◆ TASK DIRECTIONS: Quote the records that follow in full and exactly; leave out the pictures.

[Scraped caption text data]
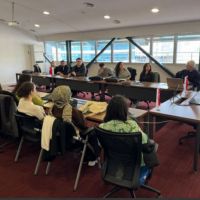 MindDX ile İstanbul Ticaret Üniversitesi arasında işbirliği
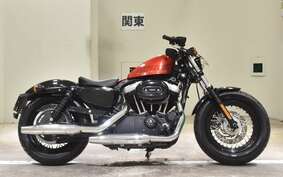 HARLEY XL1200X 2013 LC3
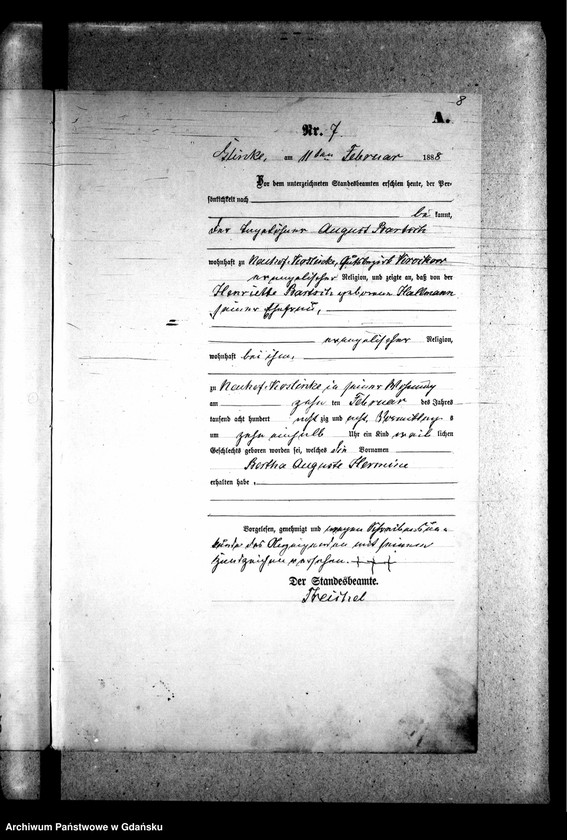 image.from.unit.number "Księga urodzeń"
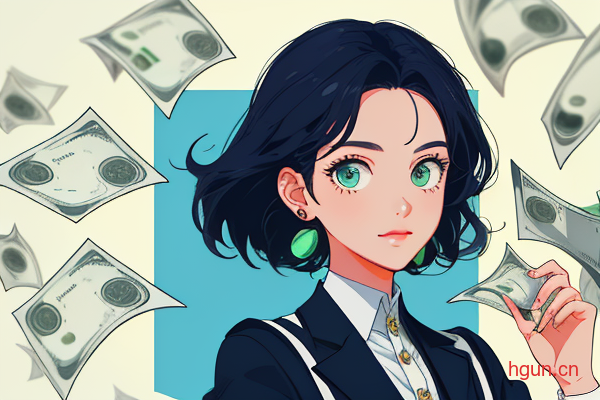 婆婆带孩子给她多少钱(婆婆带孩子给多少钱一个月) 婆婆带孩子给她多少钱(婆婆带孩子给多少钱一个月)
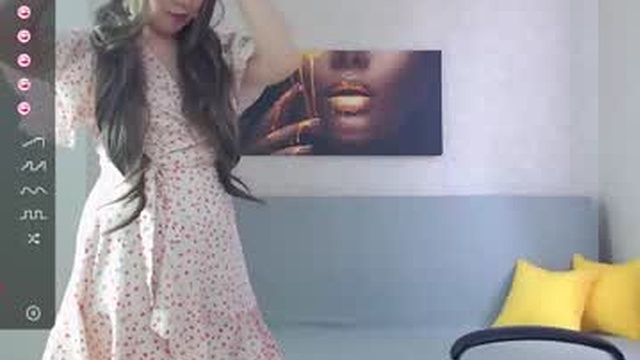 teasing_sophie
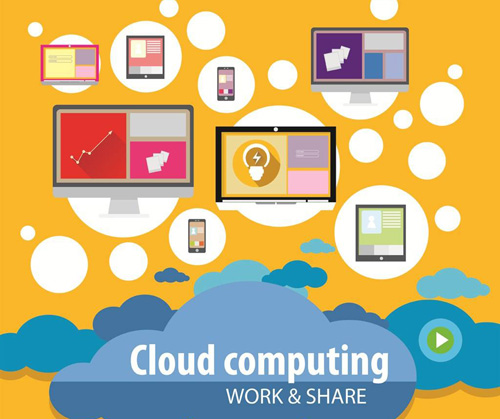 �[Ó�����u��ƿ�i 늟�ˮ����I(y��)�������(w��)���D(zhu��n)��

◆ TASK ANSWER:
 MindDX ile İstanbul Ticaret Üniversitesi arasında işbirliği
 HARLEY XL1200X 2013 LC3
 image.from.unit.number "Księga urodzeń"
 婆婆带孩子给她多少钱(婆婆带孩子给多少钱一个月) 婆婆带孩子给她多少钱(婆婆带孩子给多少钱一个月)
 teasing_sophie
 �[Ó�����u��ƿ�i 늟�ˮ����I(y��)�������(w��)���D(zhu��n)��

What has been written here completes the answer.